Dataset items
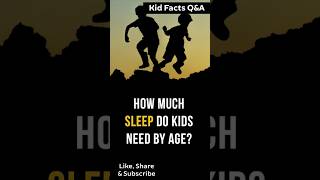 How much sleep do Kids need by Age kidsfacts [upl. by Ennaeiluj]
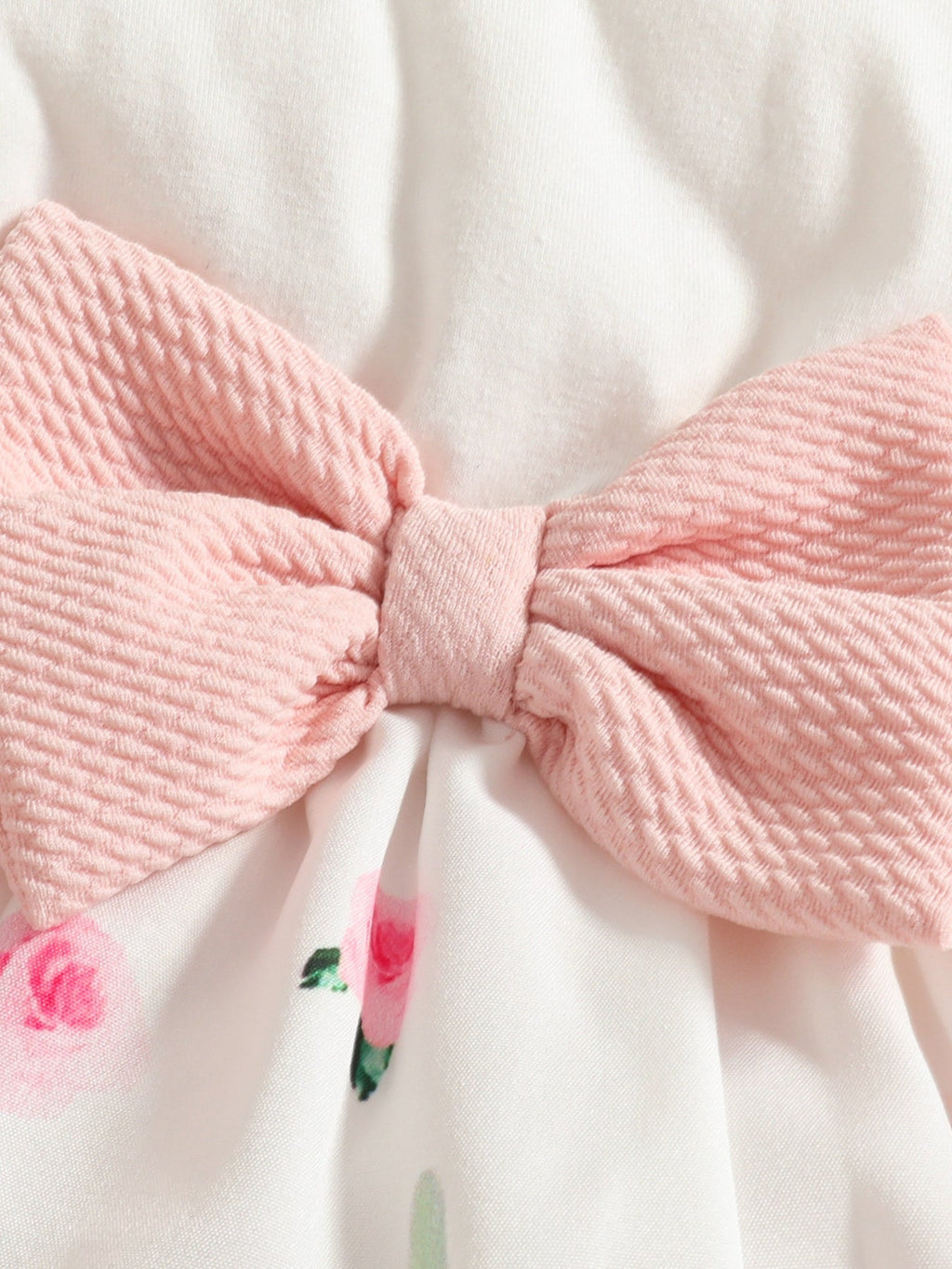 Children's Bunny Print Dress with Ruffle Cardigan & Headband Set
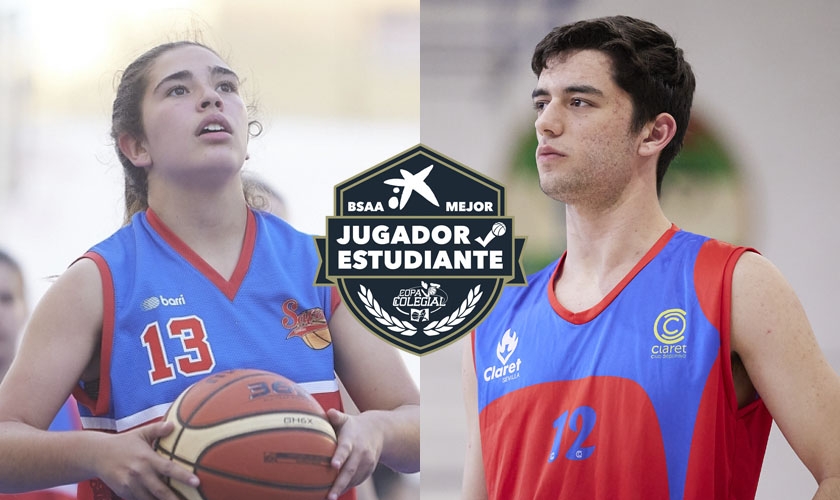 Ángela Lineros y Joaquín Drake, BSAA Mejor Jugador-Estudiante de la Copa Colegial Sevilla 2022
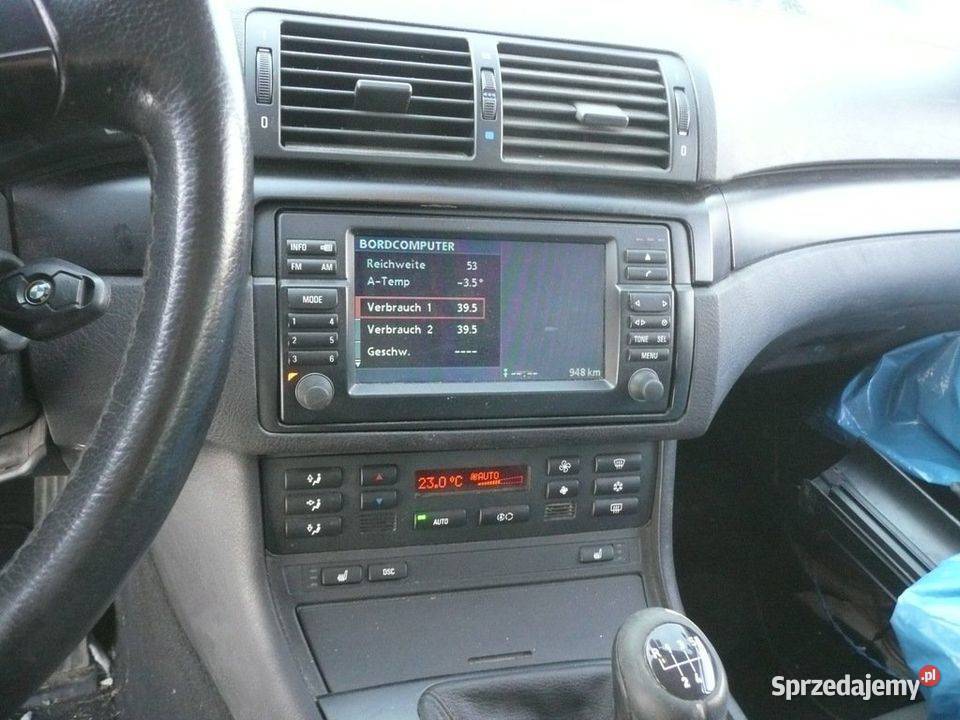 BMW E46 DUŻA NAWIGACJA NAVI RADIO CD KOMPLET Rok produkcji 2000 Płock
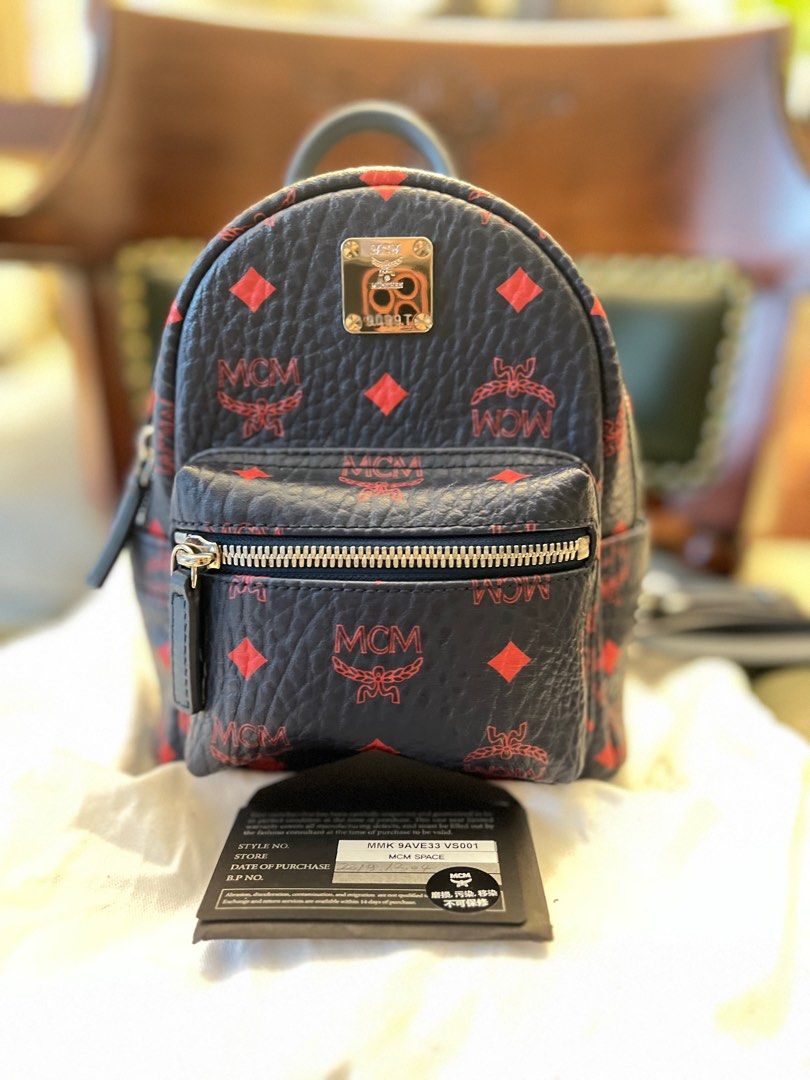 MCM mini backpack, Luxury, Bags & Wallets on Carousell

#### [Assigned task]
The answer consists solely of the lines from the one holding "Children's Bunny Print" through the final line of the records, both ends included, each duplicated exactly. Leave images out.

#### [Finished task]
 Children's Bunny Print Dress with Ruffle Cardigan & Headband Set
 Ángela Lineros y Joaquín Drake, BSAA Mejor Jugador-Estudiante de la Copa Colegial Sevilla 2022
 BMW E46 DUŻA NAWIGACJA NAVI RADIO CD KOMPLET Rok produkcji 2000 Płock
 MCM mini backpack, Luxury, Bags & Wallets on Carousell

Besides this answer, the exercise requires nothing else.